Scientific Showcase: Reproducing Published Radar Science in 60 Seconds#

QVP plot from Ryzhkov et al. 2016

Courtesy: Ryzhkov et al. (2016)


Important

Traditionally: Reproducing this figure takes ~6 minutes (380 seconds) of processing time:

  • Download 809 MB of compressed NEXRAD files

  • Decode 55 files from binary format

  • Load all 17 elevation sweeps (even though we only need 1)

  • Concatenate and process

With Analysis-Ready Cloud-Optimized (ARCO) data: ~10 seconds

  • Stream only the chunks you need

  • No downloads, no file decoding

  • 36x faster, 5.5x less data transfer

In this notebook, you’ll learn how the Radar DataTree framework enables this dramatic speedup—and reproduce this exact scientific figure yourself.

Note

Prerequisites

This notebook assumes you’re familiar with the basics covered in 1. Getting Started with Radar DataTree:

  • Connecting to cloud storage with Icechunk

  • Opening a DataTree and navigating the VCP/sweep hierarchy

  • Time-based selection with .sel()

If you’re new to Radar DataTree, start there first.

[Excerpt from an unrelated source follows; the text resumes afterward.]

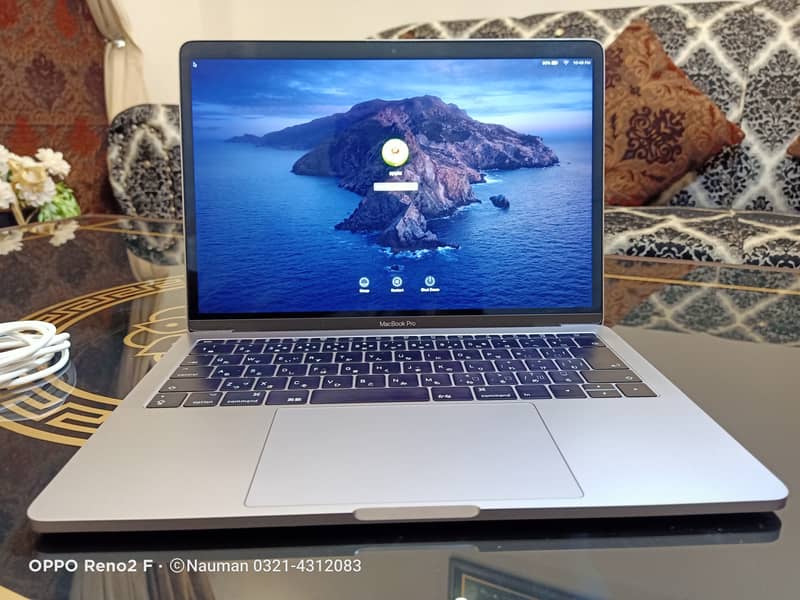 Apple Laptop, Macbook Pro 2017 Core i7, 16GB RAM, 256GB SSD 13 Inches 3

What is a Quasi-Vertical Profile (QVP)?#

Before diving into the workflow comparison, let’s understand what we’re computing.

The Concept: A Merry-Go-Round Analogy#

Imagine standing in the center of a merry-go-round during a rainstorm. As you spin, you hold out your hand at different heights to measure how much rain hits it at each level. By averaging all the measurements from your complete rotation, you get a sense of the “typical” rainfall at that height, smoothing out any variations from specific directions.

That’s essentially what QVP does with radar data.

How It Works#

At high elevation angles (e.g., 19.5°), the radar beam rises quickly with range:

         ↗ Beam at 19.5° elevation (sweep_16)
        /  Height increases rapidly with range
       /   (~3 km height at 10 km range)
      /
    [RADAR]

By averaging all azimuth angles (360° rotation) at each range gate, we collapse horizontal variability and create a vertical profile:

\[\text{QVP}(r, t) = \frac{1}{N_{\theta}} \sum_{\theta=0}^{360°} Z(r, \theta, t)\]

where:

  • \(r\) is range (converted to height using elevation angle)

  • \(\theta\) is azimuth angle

  • \(t\) is time

  • \(Z\) is any radar variable (reflectivity, differential reflectivity, etc.)

Why QVPs Matter#

QVPs reveal critical atmospheric processes:

  • Melting layer detection: Where snow turns to rain

  • Precipitation structure: Ice crystal growth zones, aggregation layers

  • Storm evolution: Time-height displays show how precipitation processes change

The figure we’ll reproduce shows 4 hours of QVPs during a mesoscale convective system—revealing the vertical structure and temporal evolution of the storm.


Study Parameters#

To reproduce Ryzhkov et al. (2016) Figure 4, we’ll process:

  • Radar: KVNX (Vance Air Force Base, Oklahoma)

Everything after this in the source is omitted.